Our original plan was to visit the Hoover Dam, then drive to the Grand Canyon. Let me tell you, that's ambitious for any family. But for this family, it took a good 3 hours to get everyone up, showered, fed, and loaded in to the car. Then we still had to program the Garmin, decide to ignore the Garmin, read the mapquest directions, decide to ignore the mapquest directions, and finally create our own version of "how to get to the Hoover Dam" which got us there around 11:00. Not quite the speedy start we needed to keep driving to the largest hole in the world. So here is everything we accomplished on Monday:
In case you get super-drunk in Vegas and just start driving around. This will help orient you again.


Yeah...Troy and I stayed far away from the edges. Vertigo!


The back side of the Dam (where the water goes through the turbine things and converts in to energy - enough to power all of those lights in Vegas!)

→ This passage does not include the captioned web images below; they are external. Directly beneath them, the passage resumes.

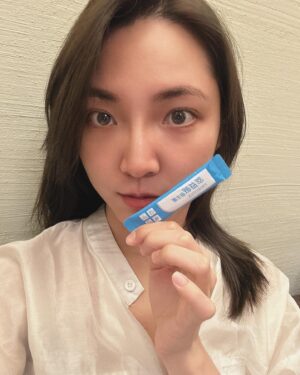 Clover Kao Instagram - 我身邊的朋友都知道我是個超級容易過敏 排便不順的人🤣

收到 @longwalk.biotech 健康長行邀請後，我去查了他們的益生菌，一查不得了，這個可是市售唯一有國家三認證的「萃益敏益生菌」！特別是小綠人認證特別難拿，通過很多實驗跟科學審查，是針對過敏體質與胃腸研發的益生菌~

每天吃下來感覺上廁所真的有比較順，益生菌這個東西真的要每天吃，以前都有一搭沒一搭的吃，結果根本沒效！上廁所還是很卡🥺每天吃下來就會發現身體慢慢在改變～

另外真的要大讚，他們從製作到配送都是全程低溫，查詢資料發現益生菌其實建議保存在40度以下環境！所以買回家也要乖乖冰在冰箱才有效果喔～～

推薦給體質有需要調整的各位參考看看🫶🏻

#益生菌推薦 #健康長行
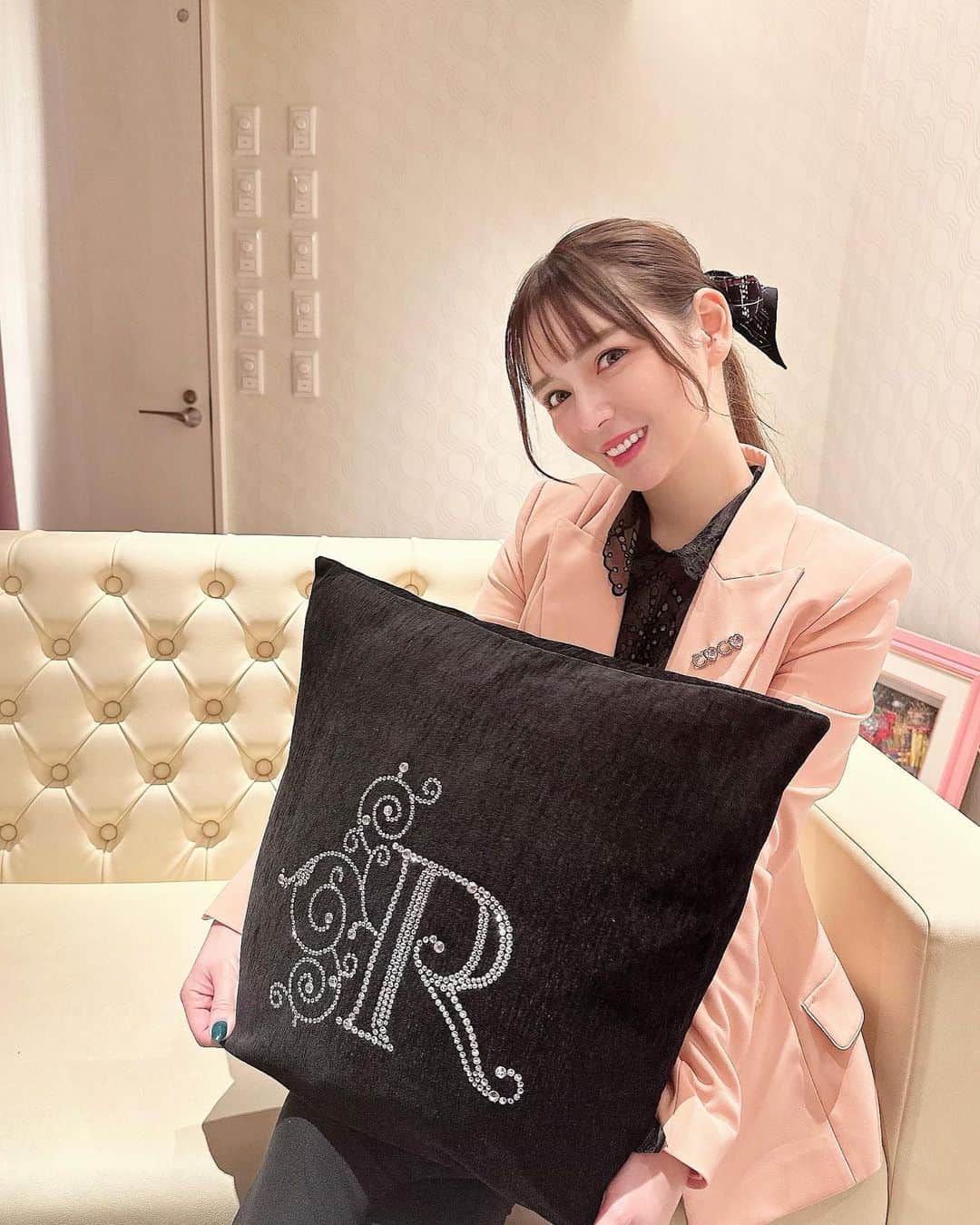 進撃のノアのインスタグラム：「事務所でノイマネが撮ってくれた🫶❣️ @daikoyu_noi   ランス、レイズのロゴクッション🫶 #reims #raise」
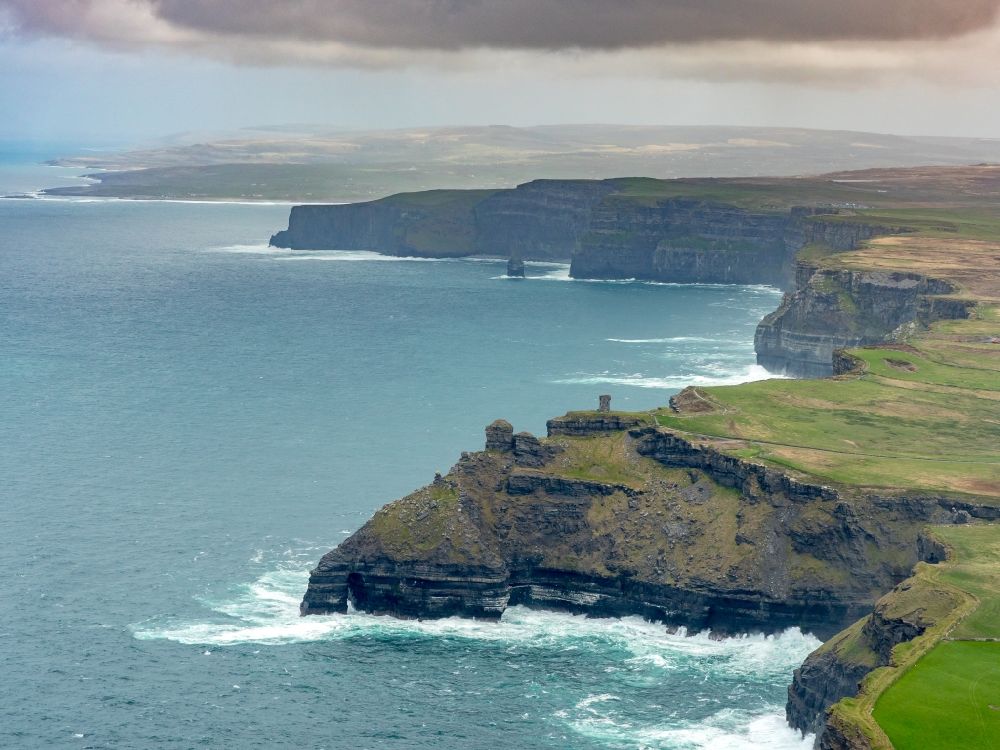 Raha von oben - Felsen- Küsten- Landschaft an der Steilküste Nordatlantischer Ozean in Raha in Clare, Irland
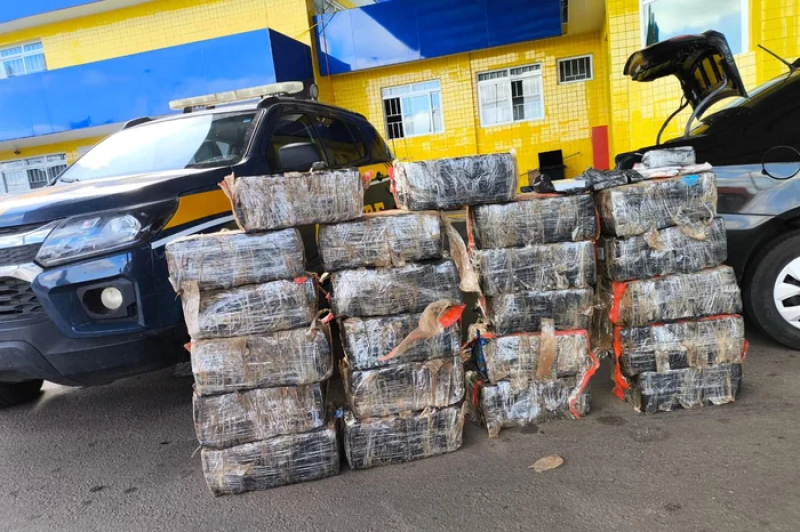 PRF prende homem que transportava cerca de 400 kg de maconha e canetas emagrecedoras em Passo Fundo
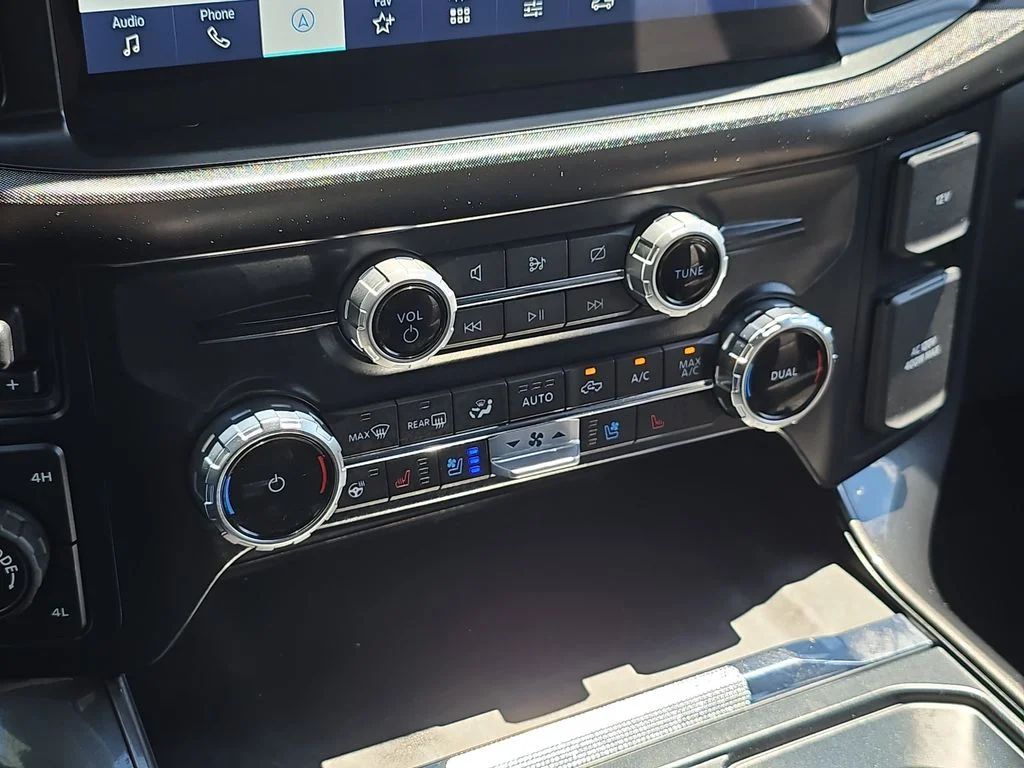 Used 2022 Blue Ford Tremor image 27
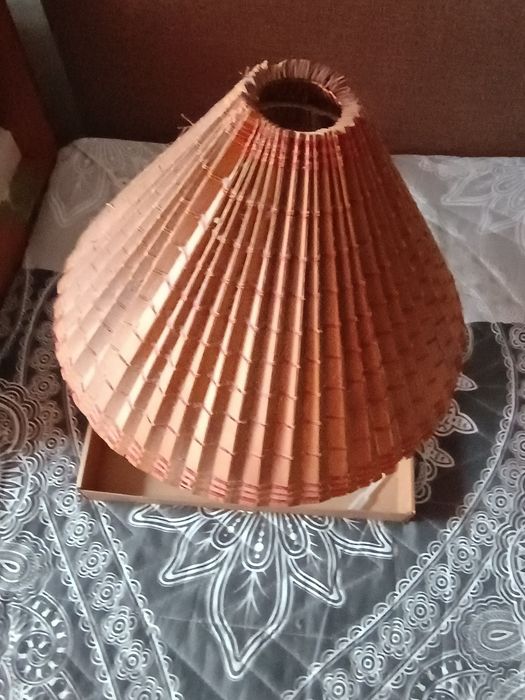 Нощна лампа, ползвана, но запазена.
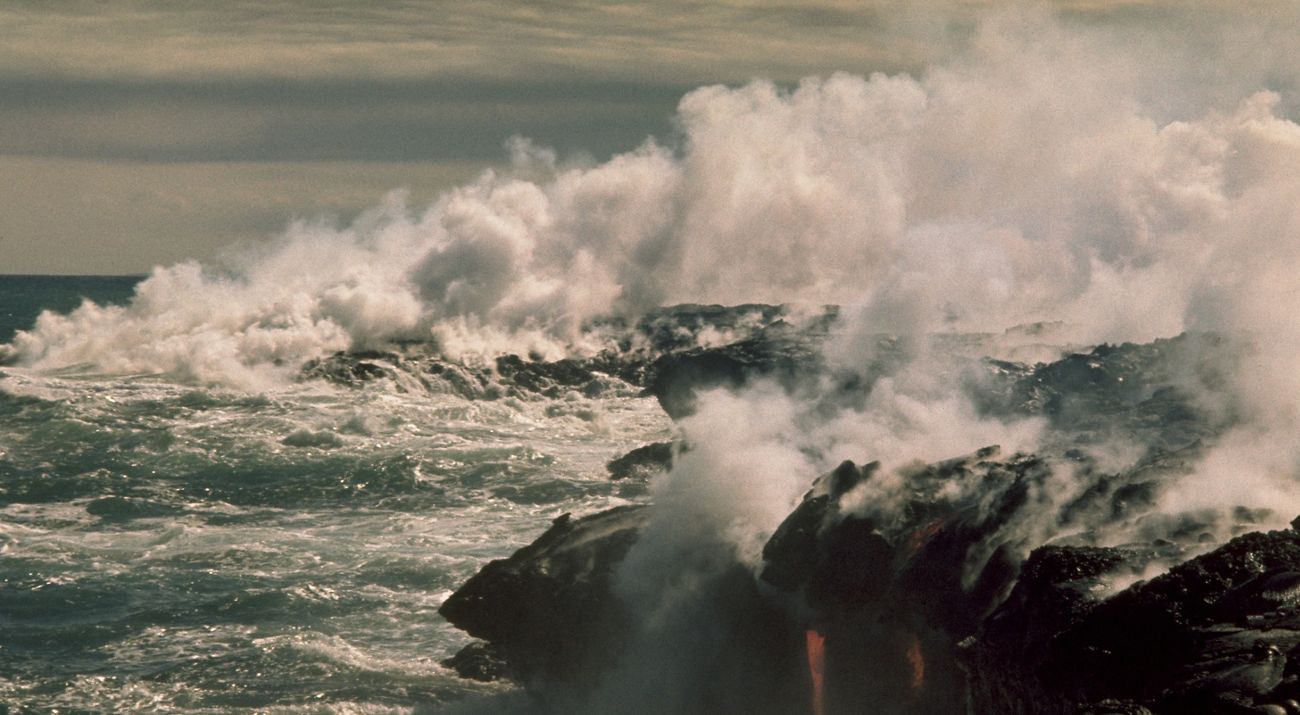 Lava derretida flui até o mar criando nuvens de vapor no Parque Nacional dos Vulcões do Havaí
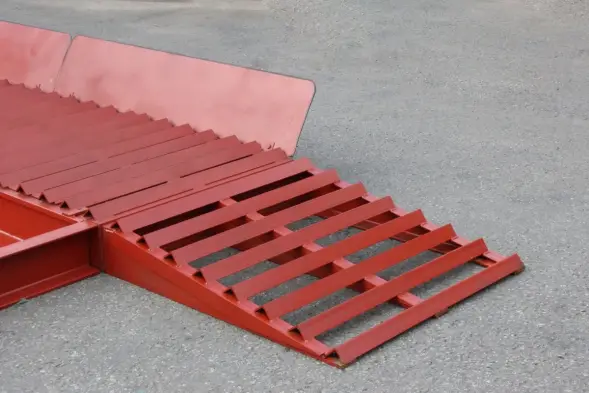 Щиток защитный для эстакады "Стандарт"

This is the other side where the water shoots out and helps crops grow...or something.


Those concrete towers in the upper left corner are the makings of a HIGHWAY that will soon connect one side of the Hoover Dam to the other. Yeah...good luck getting people to drive over that!!


Ryan is checking out the construction.


Then they took us to the basement to see Megatron.


Now they're explaining how to save the world if the Dam is ever attacked by Transformers, again.


He's not pointing to it in this picture, but we're standing in one of the four diversion tunnels they blasted out of the mountain to re-direct the water. (which made sense. I mean, you can't just build a dam with thousands of pounds of water rushing at you. The water has to go somewhere. But it all made sense after they showed us the "how to build a giant dam without any beavers" video.)


These are the turbines that churn the water and convert it to energy. I'm pretty sure I remember him saying they're really heavy and they rarely break. Then I tuned him out and started looking at the marble floor. I was also really sick this day. I had a sore throat that felt like razor blades every time I talked. So I didn't talk. Or listen...apparently.

This is Troy and about half of our Dam tour group. (those jokes never got old, by the way)


This is the "Hercules Powder" they used to blast the diversion tunnels.


This is my own "Hercules" trying to convert his man-power in to electricity.


Yup...Dam jokes are never NOT funny.